Quite logically, social media has become a central platform for campaigns. Politicians try to reach the public with their ideas, but in contrast to former media types, users can also reach politicians directly. Both can also try to initiate societal debates by placing topics. And when journalists pick up these topics because they seem of critical importance in social media, their reach goes even beyond the boundaries of the social media ecosystem.

As such it is of utmost importance not only for journalists but for the whole society to provide some transparency on campaigns in social media. This shall provide insights into the origins of and motivations behind an observed topic: is a campaign organic or orchestrated (automatic as well as human-driven), i.e., who is participating in these campaigns? What means are employed when placing a topic?

These questions go beyond the challenge of classifying single accounts as social bots or humans. We have to consider interaction of actors and thus the complete (or a representative sample of the) data stream, which is produced on a social media platform. These analyses do no longer focus on singular accounts or a group of users but on the content produced over time. Clearly, the corpus of data that needs to be analyzed is far too large for human manual inspection. But also classical methods of data analysis are not capable to store all data and process it in real time. Real-time detection of possible campaigns, however, is necessary to not lag behind with analysis, when topics reach critical popularity. At the same time, we still need to verify whether campaigns are organic or artificial. This decision can usually not be made ad-hoc and often needs a deeper, sometimes even forensic analysis of campaign data.

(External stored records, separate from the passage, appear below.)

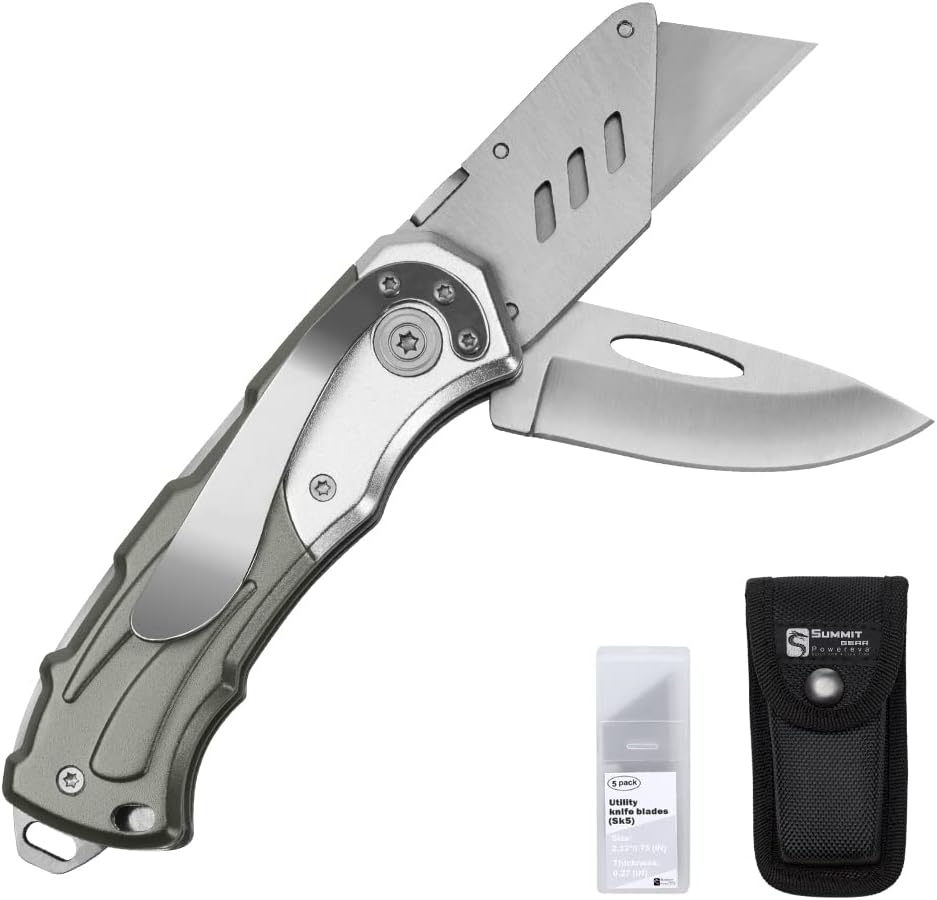 Heavy Duty Folding Utility Knife Dual Blade/Box Cutter/Work knife Safe Lock-Back with Cilp+ Nylon Pouch+5 Extra SK5 Blades Grey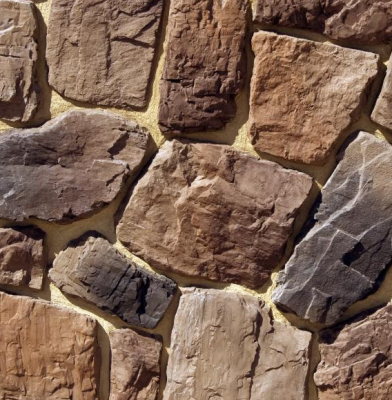 Камень искусственный White Hills 612-90 Рока 4.5x10.5 / 55x30 / вариативный размер коричневый рельефный / матовый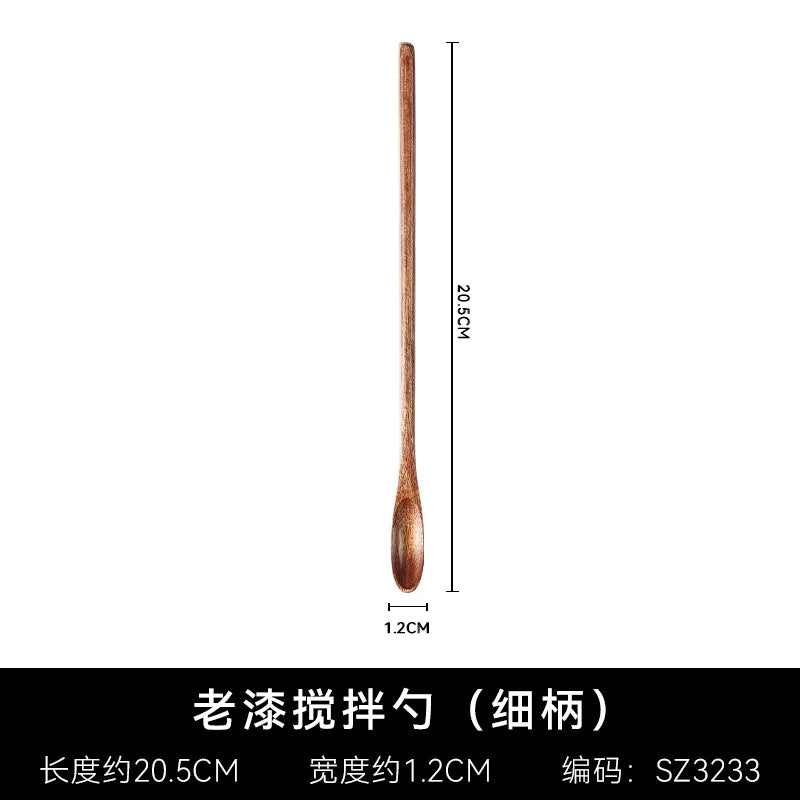 Wooden spoon with long handle for coffee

In order to address both challenges at the same time, we propose a two-phase framework which supports both campaign and trend detection and a-posteriori in-depth analysis of respective data. Our idea integrates a stream-based unsupervised detection of critical topics and an independent, offline, and extendable analytics environment. This allows to instantly identify upcoming and important topics and subsequently analyze and verify their artificial character. Note that this approach should be considered as a human-in-the-loop support tool, where no automatic decision on a campaign’s quality is made. In principle, it is designed to enable detection and transparent analysis of current topics in many contexts, either the discovery of new and interesting topics or the fight against manipulation via artificial campaigns.

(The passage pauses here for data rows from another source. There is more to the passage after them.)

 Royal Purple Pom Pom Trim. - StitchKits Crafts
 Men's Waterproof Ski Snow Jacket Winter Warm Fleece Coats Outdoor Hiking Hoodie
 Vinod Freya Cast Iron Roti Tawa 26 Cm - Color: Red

The rest of this work is structured as follows: the next section will summarize related research in the context of this work and then Sect. 3 will detail the two-step framework’s concept proposed in this paper. Section 4 shows the application of our framework in the context of the Brexit discussion two months before and at the final Brexit date at the end of January 2020. Finally, Sect. 5 summarizes and discusses the results of our work and provides some future perspectives.

2 Related Work

Social media has been discussed as environment for disinformation, manipulation, or deception for more than a decade [8] and since the Brexit decision in 2016 as well as the election of Donald Trump for president of the United States, social media is considered an important infrastructure for manipulating societies [3, 22]. Much effort has been put into the (computer-aided) detection of automation in social media. Social Bots are considered very potent actors in the distribution of disinformation [10, 11, 14, 18], and consequently, detection techniques for social bots have been (and still are) an important topic of research [9, 10, 13, 20]. While research started with a focus on the classification of single accounts as bots- or human-driven, some recent publications emphasize the importance of detecting collaboration of multiple actors [9, 12]. An exceptionally early proposal was made by Lee [16] already in 2014 to discriminate campaigns into organic and non-organic ones. While the first arises from classic human interaction in social media the latter type of campaigns is promoted by artificial or automated mechanisms or purchased and supported by the social platform [16].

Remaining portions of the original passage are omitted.